§ Data below:

"""

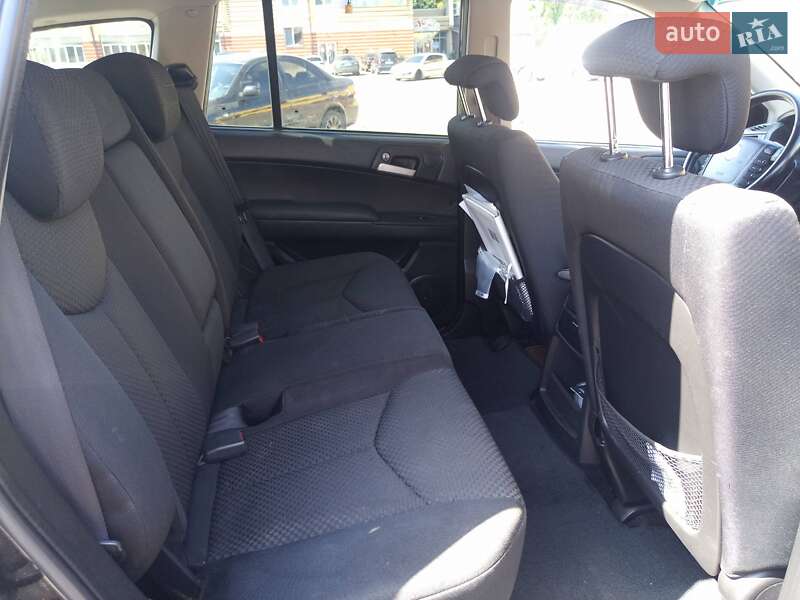 Внедорожник / Кроссовер SsangYong Korando 2010 в Житомире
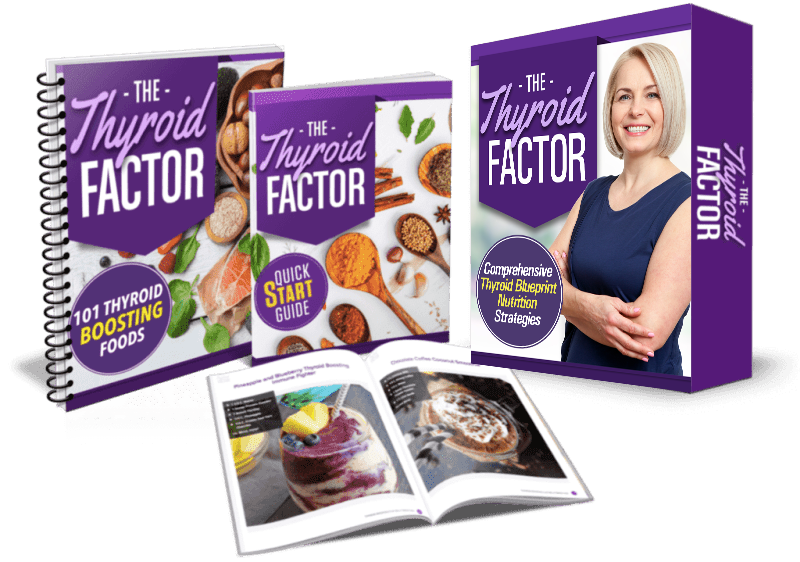 The Thyroid Factor by Dawn Sylvester PDF eBook
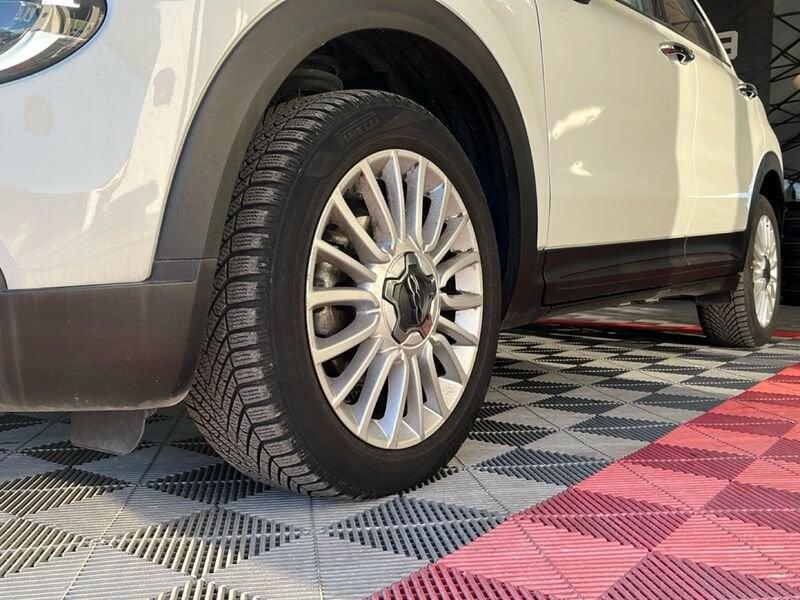 FIAT 500X 500X 1.3 MultiJet 95 CV Connect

"""

Only the pictures are to be dropped; the rest of the material above must be duplicated exactly.

§ Expected answer:
 Внедорожник / Кроссовер SsangYong Korando 2010 в Житомире
 The Thyroid Factor by Dawn Sylvester PDF eBook
 FIAT 500X 500X 1.3 MultiJet 95 CV Connect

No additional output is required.